とは学 「・・・とは」の哲学談義と書評[ 2012/07/19 07:02 ]

ゲゲゲの鬼太郎は、小さい頃よく見ていました。ゲゲゲの女房も毎日見ていました。鳥取県境港市水木しげるロードにも行きました。さらに、美術館での水木しげる展にも足を運びました。考えてみれば、水木しげるさんのファンです。

水木しげるさんには、妖怪を語った本や、その一生を語った本は多いのですが、人生哲学や思想を語った書は少なかったように思います。本書はその貴重な本です。教養の深さや人生観もよく現れています。「本の一部」ですが、紹介させていただきます。



・世間は広いし、読者は変わる。
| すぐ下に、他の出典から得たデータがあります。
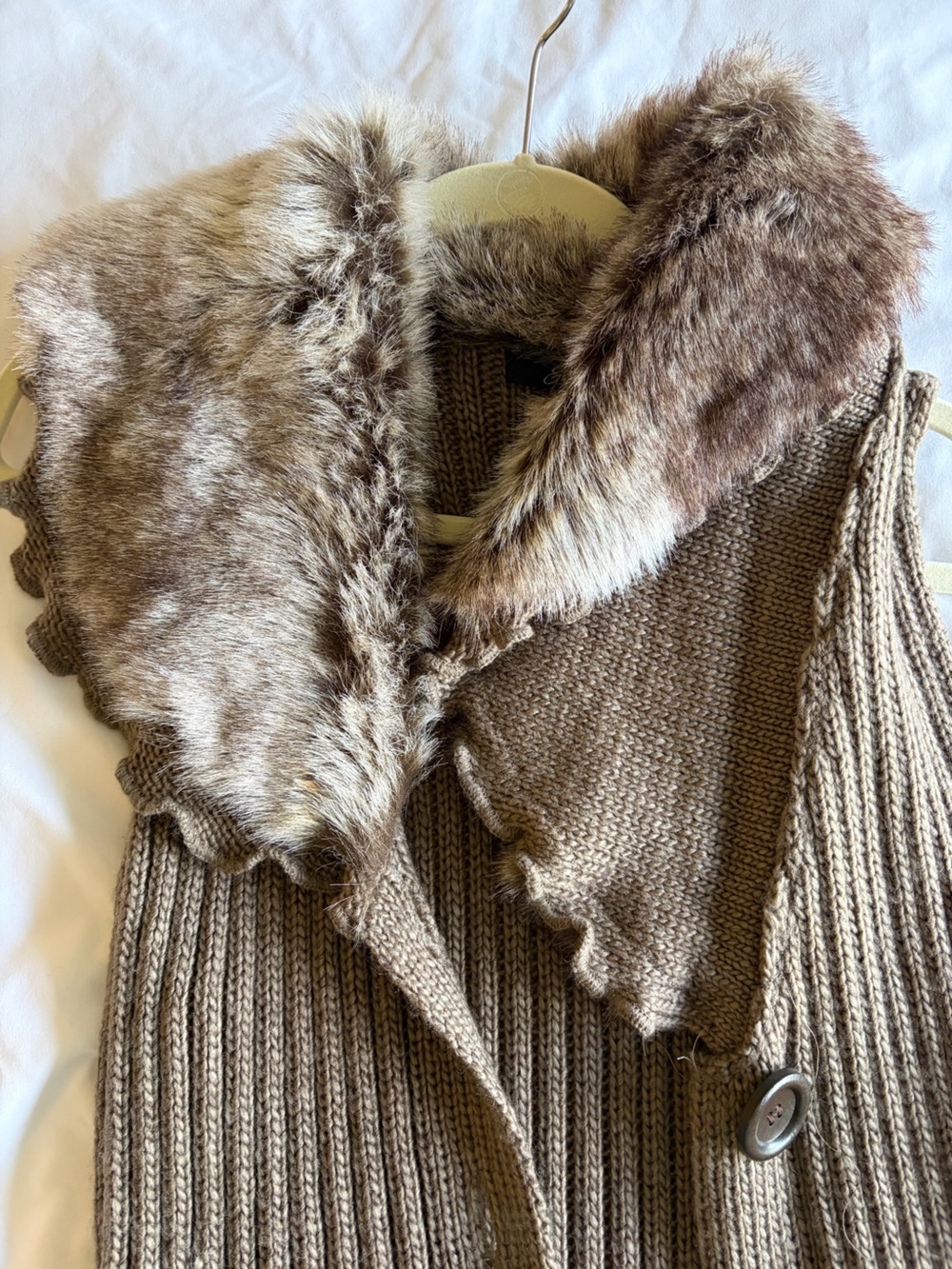 Faux Fur Trim Brown Knit Long Vest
しかし、変わらないものがある。それは人間性というやつ。人間というものは、語りつくされ書きつくされているが、終わることのないドラマ

・いま町を歩いていて、真剣な空気が流れているのは、パチンコ屋くらい。パチンコは金がかかっているから目つきが違う。あとは、つまらなそうな顔をして歩いている人ばかり

・幸せというのは厄介なもので、カシコイ人、エライ人の決めた単純な方法を守っていても、うまくいかない。一つの道に固執するのは、かえって幸せの可能性を狭める

・ブームも良いが、つまらない仕事も多くなるから考えもの。ブームってものは、ないよりあったほうが良い。だから、いかに楽にブームの良いところだけを頂戴するかだ

・南方の原住民は好きなことをする。食糧を得るために、畑で2、3時間働くだけで、あとは、踊りをおどったり、ぶらぶらしたりしている。要するに、生きるためにちょっと働いている。われわれ日本人は、ややもすると、仕事のために生きている

・戦争というのは、始まる前から、いろいろと楽しいことが奪われる。刻苦勉励とか節約とか言って、全国民にそれをやれというわけ。戦争が始まるともっとひどいもので、物を欲しがると「国賊」だとののしられる

・妖怪は人間の脳みその鏡のようなもの。貧乏や飢えに対する恐怖、闇に対する恐怖、権力への恐怖といった情念が形になったものが妖怪

・南方は、働かないのが幸せという風土。魚もいれば豚もいる。椰子の木もあれば、パパイヤもある。だから、飢え死にすることがない。どんな貧乏人でも、自然が生活を保証してくれて、ノンキな暮らしができる

・南方では、かりに成功して大金持ちになっても、何も所有しない。何もない家に暮らすのが特徴。物があるとかえって暑い。だから、金持ちも貧乏人もあまり差がない

・人は生まれてから、「アレマ、コレマ」と驚き、慌て、「アレマ、コレマ」と年をとり、「アレマ、コレマ」と死んでいく。安らぎの場所は、死後の世界にしかない

・「あっオレいつ死んだんだ」という感じで、ごく自然に死ぬのが良い。すなわち、ぼんやりして何が何だか分からないうちに死ぬというのが良い。死というのは、向こうに招かれるわけだから、素直に行ったらいい

お金を少し儲けて、楽して生きることが本当の幸せという考えは、今も変わらない

・好きなことが見つからなくて困っているというのは、無能ということ。でも、無能は悪いことではない。なにも無理に成功を目指さなくてもいい

・成功を欲しがるのは、無能な人。優秀な人なら、放っておいても成功する

・人口の密集しているところでは、やっぱり金がなければ、どうしようもない。日本では、カネが「打ち出の小槌」になる。南方の原住民なんか、金がなくても平気。金の使い道なんかない。アクセクしなくて生活できるのだから、どう考えたって、あっちが楽園

土人というのは、土に生きる人という意味。土人は、自分のことを格別に偉いとは思っていない。ところが、土のない所に住んでいると、こうしなければならないと真面目の鬼に憑かれて、自分だけが幸せになりたいと、懸命になる

・幸福というのは、線の引き方。下の方へ線を引いておけば、満たされる。しかし、必ずしも一定しない。幸福の線は、上げる下げるを自分勝手にやるわけだから、幸福を叫ぶ人は、幸福でない人がほとんど

・人生にはいろんなことが起こって当たり前。それに一喜一憂しないで、放っておくこと。人生を下手にいじくり回したところで、何の解決にもならない。ラバウルの人たちは、神様に与えられた人生をいじくり回したりしない。だからこそ、幸せの空気に包まれている



水木しげるさんの人生観は、「好きで得意なことをして生きてきた」こと、「南方の楽園の暮らしを知った」こと、「戦争で死にかけて片腕を失った」ことが熟成されて生まれてきたものだと思います。

その言葉の数々を聞いていると、誰でも、生きるのが楽に思えてくるのではないでしょうか。